Will 2019 be a turning point for the T?
Report cites progress, but questions whether it will be visible to riders
THE MBTA IS MAKING PROGRESS toward achieving its strategic goals, but it’s unclear whether 2019 will be the self-proclaimed “turning point” when customers start to see tangible benefits from that effort, according to an accountability report issued Wednesday by three outside organizations.
Officials from the three groups – the Greater Boston Chamber of Commerce, the Conservation Law Foundation, and the MBTA Advisory Board – say the transit authority is doing an OK job of meeting most of the goals laid out in the Fiscal and Management Control Board’s April 2017 strategic plan, including preparing an analysis of the system’s capacity needs, moving forward with a new automated fare collection system, developing a fleet and facilities plan, and stabilizing the operating budget.
The report said the MBTA is “behind schedule” on improving rider accessibility and increasing capital spending. To meet its five-year goal of spending $8 billion on capital projects, the T needs to spend an average of $1.6 billion annually between 2019 and 2023; the T averaged $767 million in spending over the previous five years.
The report said the T has missed its goals on improving rider accessibility, implementing climate change resiliency, and developing a solid cost figure for bringing the system into a state of good repair.
“There’s a lot of planning going on at the T, but one of the things that is not being planned is finances – how to pay for it,” said James Rooney, president and CEO of the Greater Boston Chamber of Commerce.
Another area of concern is visible improvements that consumers can actually see.

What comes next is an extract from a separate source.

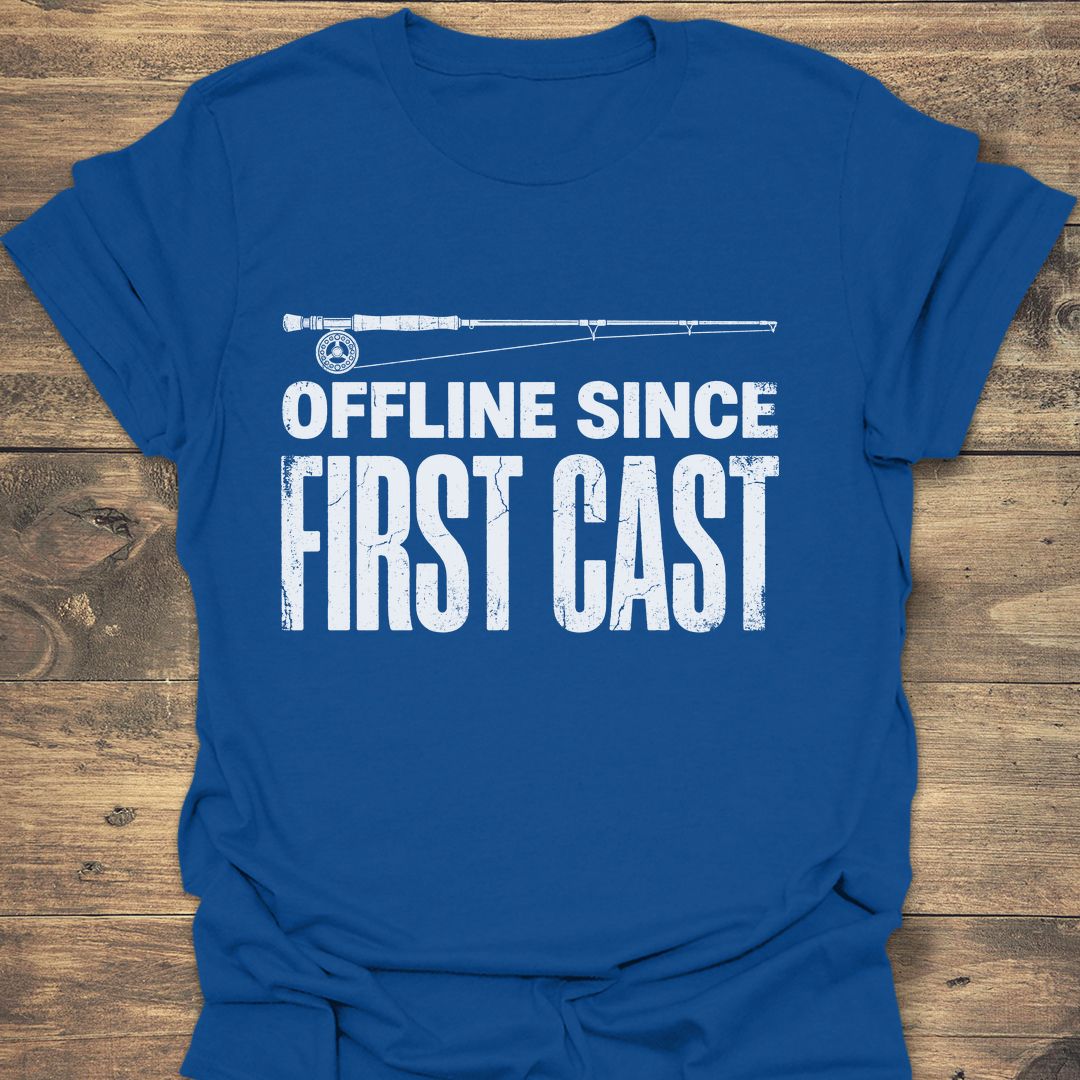Offline Since First Cast - Royal t-shirt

The control board’s fourth annual report, issued in December, said riders should be seeing signs of visible improvement in the system this year. “We expect 2019 to be a turning point during which customers see results from the last three years of effort,” the T’s annual report said.
But the outside organizations questioned whether that will happen. “Breakdowns and delays in service are still common, which is especially problematic because the MBTA is now competing for riders who have numerous transportation options. As the MBTA continues to plan for long-term success in 2040 and beyond, it is important to prioritize short-term investments that improve the customer experience,” the accountability report said.
Staci Rubin, a senior attorney at the Conservation Law Foundation, said riders have been patient but their patience is starting to run thin. “It’s really time for customers to start experiencing improvements,” she said.
T ridership is already down from previous years, and the transit authority is seeking a 6.3 percent average fare increase that is expected to result in another loss of passengers. Rooney said the trendlines are not good when matched up against the area’s rapid population and job growth and dramatic expansion at Logan International Airport.“You’re wondering why we’re No. 1 in congestion?” he asked. “Just do the math.”
Rooney, a former MBTA general manager himself, applauded the work done so far by the control board, which was established in the wake of the 2015 winter that crippled the MBTA system. But Rooney warned that oversight bodies formed at times of crisis often get bogged down when the emergency is over. He noted the board and most of T management spend one day a week meeting together.